Fed Chairman Jerome Powell ended his speech to Congress yesterday by warning that the Fed would be more aggressive as the latest economic data had come in stronger than expected. This suggests that the ultimate level of interest rates would be higher than previously anticipated.
Against this background, market participants expect the US central bank to lift its interest rate by 50 basis points at the upcoming FOMC meeting to be held on March 21 and 22.
According to the CME Group's FedWatch tracker of fed funds futures bets, the probability of a more aggressive half-point interest rate hike has increased to 79.4% from 70.5% since yesterday. Thus, the probability of a 25-basis-point increase has decreased to 20.6% from 29.5%.

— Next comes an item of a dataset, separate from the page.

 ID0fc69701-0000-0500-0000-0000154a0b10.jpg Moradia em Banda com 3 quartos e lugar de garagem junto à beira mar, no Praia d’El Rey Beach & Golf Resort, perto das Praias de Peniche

However, the Federal Reserve is not going to make a decision on a potential interest rate hike until Friday's jobs data and next Tuesday's CPI report are released, Powell stressed.

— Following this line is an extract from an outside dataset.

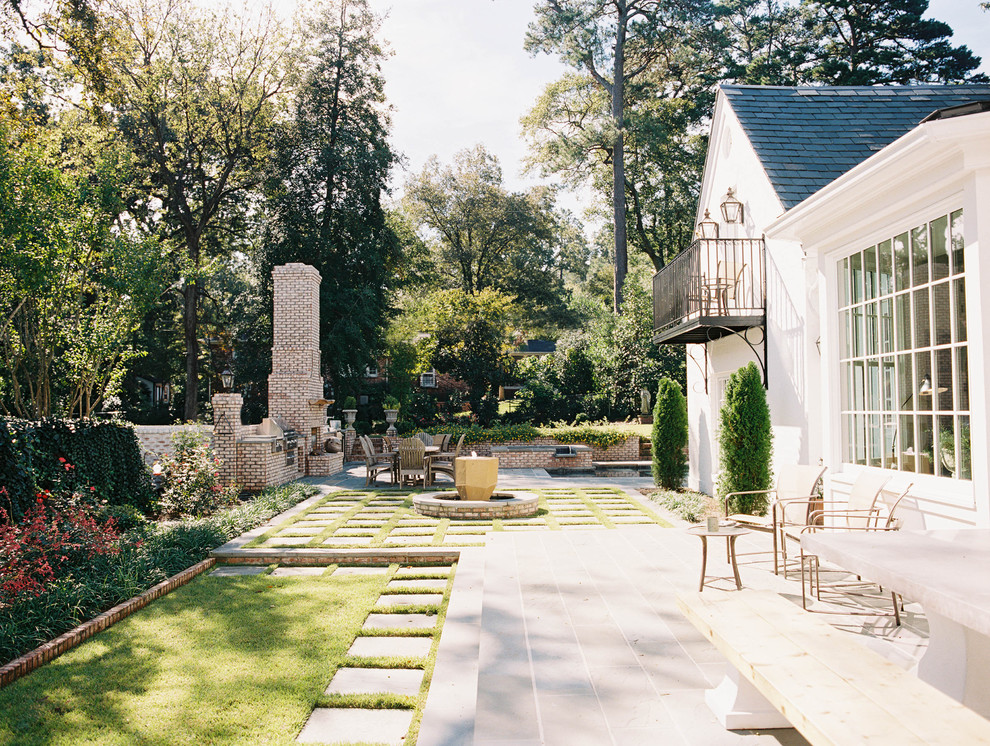 Idee per un giardino formale minimal esposto a mezz'ombra di medie dimensioni e dietro casa in estate con un focolare e pavimentazioni in cemento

Yesterday, the ADP released its National Employment Report, showing that private payrolls in February increased by 242,000. Friday's report from the Labor Department is forecast to show an additional 203,000-225,000 jobs. According to economists' forecasts, the unemployment rate is expected to come in at 3.5% in February versus the January figure of 3.4%.
Next week, the Bureau of Labor Statistics is set to report data on inflation. The consumer price index is anticipated to decline by 0.1% compared to the previous month. If the reading meets analysts' forecasts, a monthly rise in February will be 0.4% compared to January, when headline inflation increased by 0.5%.